1. Alice purchases a rental house on august 22 2014 for a cost of 174,000. of this amount 100,000 is considered to be allocable to the cost of the home, with the remaining 74,000 allocable to the cost of the land. what is alice's maximum depreciation deduction for 2014 using MACRS? : 2,373, 2,071, 1,364, 1,190, or 1,009.

2. an asset put in service in june 2014 has a depreciable basis 35,000 and a recovery period of 5 years. assuming no election to expense is made, and no bonus depreciation taken, what is the maximum amount of cost that can be deducted in 2014?: 5,833, 11,667, 7,000, or 35,000.

3. which of the following statements with respect to the depreciation of property under MACRS is incorrect ?:
in some cases tax payers places a significant amount of property in service during the last quarter of the year, real property must be depreciated using a mid quarter convention,
under the half year convention one half year of depreciation is allowed in the year the property is placed in service,
 salvage value is not used to compute MACRS tax depreciation, or
real property acquired after 1986 must be depreciated using the straightline method.


4. assume that a taxpayer purchases a computer in 2014 that the tax payer thinks will last for 10 years. if the computer is used 100 percent for business and no election to expense under section 179 was made, what is MACRS recovery period that must be used for the cost recovery on the tax payers tax return?: 7 years, 5 years 10 years or 1 year.


5. on july 20 2014 kelli purchases office equipment at a cost of 13,000. kelli makes the election to expense under section 179 for 2014. she is self employed as an attorney, and in 2014 her business has a net income of 6,000 before considering this election to expense. kelli has no other income or expenses for the year. what is the maximum amount that kelli may deduct for 2014 for total depreciation, assuming she elects to expense the entire 13,000 purchase under section 179: 24,000,13,000, 6,000, or 3,000.

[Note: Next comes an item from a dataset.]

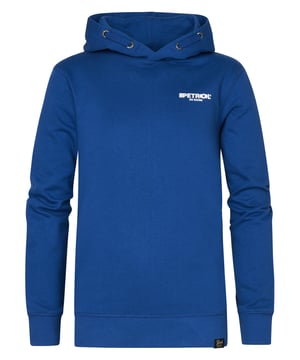 Lässiger Hoodie mit dezentem Logoprint auf der Brust und normaler Passform. Dieser Hoodie hat eine Kapuze mit Tunnelzug, eine Kängurutasche und gerippte Ärmelbündchen. Hergestellt aus 100 % Baumwolle. Du kannst dich nicht zwischen zwei Größen entscheiden? Dann wähle die größere Größe. Lässiger HoodieDezenter LogoprintNormale PassformKapuze mit TunnelzugKängurutasche100 % Baumwolle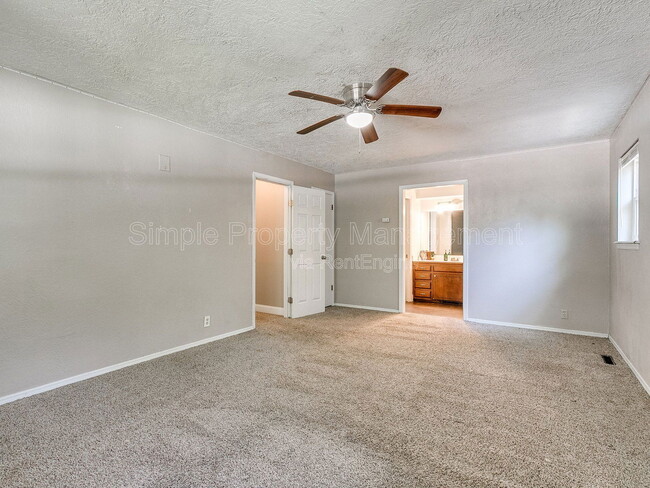 Building Photo - 1625 Homeland Ave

6. which of the following is not considered listed property for purposes of determing the tax payers depreciation deduction ?

a computer used exclusively by the taxpayer for managing investment portfolio,
an automobile used 40 percent by an employee in providing services to his employer,
a computer used by a bank representative on the bank premises in performing services as an employee, or
a computer used by a taxpayer 40 percent in managing her investment portfolio and 20 percent in her business as an accountant.

7. the amortization for section 197 intangible is 7, 5, 15, or 10 years.



8. joe sold stock to rose for 13,000 its fair market value. the stock cost joe 16,000 5 years ago. also joe sold earl (an unrelated party ) stock for 6,500 that cost 7,500 3 years ago. rose and joe are brother and sister. what is joes recognized loss for these two transactions: 3,000,6,500, 1000, 4000, or 0.